▸ DIRECTIONS
Exactly reproduce the lines from the top of the entries below through the line containing "Yountville House |", with both ends included.

##### LISTED RECORDS #####

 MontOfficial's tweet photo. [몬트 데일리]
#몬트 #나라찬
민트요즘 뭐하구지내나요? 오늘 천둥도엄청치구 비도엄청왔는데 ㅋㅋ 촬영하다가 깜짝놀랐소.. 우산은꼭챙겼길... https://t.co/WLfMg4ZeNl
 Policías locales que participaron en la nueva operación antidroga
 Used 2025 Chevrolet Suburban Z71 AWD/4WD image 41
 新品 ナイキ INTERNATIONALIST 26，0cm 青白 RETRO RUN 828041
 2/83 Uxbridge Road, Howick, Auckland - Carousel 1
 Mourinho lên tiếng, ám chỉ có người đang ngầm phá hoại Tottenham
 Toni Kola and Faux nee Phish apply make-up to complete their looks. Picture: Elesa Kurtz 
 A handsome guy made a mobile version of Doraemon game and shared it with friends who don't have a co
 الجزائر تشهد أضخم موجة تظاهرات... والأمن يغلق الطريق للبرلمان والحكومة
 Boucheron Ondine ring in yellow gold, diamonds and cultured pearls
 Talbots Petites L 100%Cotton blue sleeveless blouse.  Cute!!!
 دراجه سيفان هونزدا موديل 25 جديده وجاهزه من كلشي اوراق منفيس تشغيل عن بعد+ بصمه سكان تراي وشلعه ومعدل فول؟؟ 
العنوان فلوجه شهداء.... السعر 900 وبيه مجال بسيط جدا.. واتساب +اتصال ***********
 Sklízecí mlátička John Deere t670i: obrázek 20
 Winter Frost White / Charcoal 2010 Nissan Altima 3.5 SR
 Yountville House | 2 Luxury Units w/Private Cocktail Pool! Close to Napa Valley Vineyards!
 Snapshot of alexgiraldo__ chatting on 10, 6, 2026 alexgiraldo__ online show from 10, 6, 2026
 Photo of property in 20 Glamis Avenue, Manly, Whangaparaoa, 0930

#####

▸ ANSWER
 MontOfficial's tweet photo. [몬트 데일리]
#몬트 #나라찬
민트요즘 뭐하구지내나요? 오늘 천둥도엄청치구 비도엄청왔는데 ㅋㅋ 촬영하다가 깜짝놀랐소.. 우산은꼭챙겼길... https://t.co/WLfMg4ZeNl
 Policías locales que participaron en la nueva operación antidroga
 Used 2025 Chevrolet Suburban Z71 AWD/4WD image 41
 新品 ナイキ INTERNATIONALIST 26，0cm 青白 RETRO RUN 828041
 2/83 Uxbridge Road, Howick, Auckland - Carousel 1
 Mourinho lên tiếng, ám chỉ có người đang ngầm phá hoại Tottenham
 Toni Kola and Faux nee Phish apply make-up to complete their looks. Picture: Elesa Kurtz 
 A handsome guy made a mobile version of Doraemon game and shared it with friends who don't have a co
 الجزائر تشهد أضخم موجة تظاهرات... والأمن يغلق الطريق للبرلمان والحكومة
 Boucheron Ondine ring in yellow gold, diamonds and cultured pearls
 Talbots Petites L 100%Cotton blue sleeveless blouse.  Cute!!!
 دراجه سيفان هونزدا موديل 25 جديده وجاهزه من كلشي اوراق منفيس تشغيل عن بعد+ بصمه سكان تراي وشلعه ومعدل فول؟؟ 
العنوان فلوجه شهداء.... السعر 900 وبيه مجال بسيط جدا.. واتساب +اتصال ***********
 Sklízecí mlátička John Deere t670i: obrázek 20
 Winter Frost White / Charcoal 2010 Nissan Altima 3.5 SR
 Yountville House | 2 Luxury Units w/Private Cocktail Pool! Close to Napa Valley Vineyards!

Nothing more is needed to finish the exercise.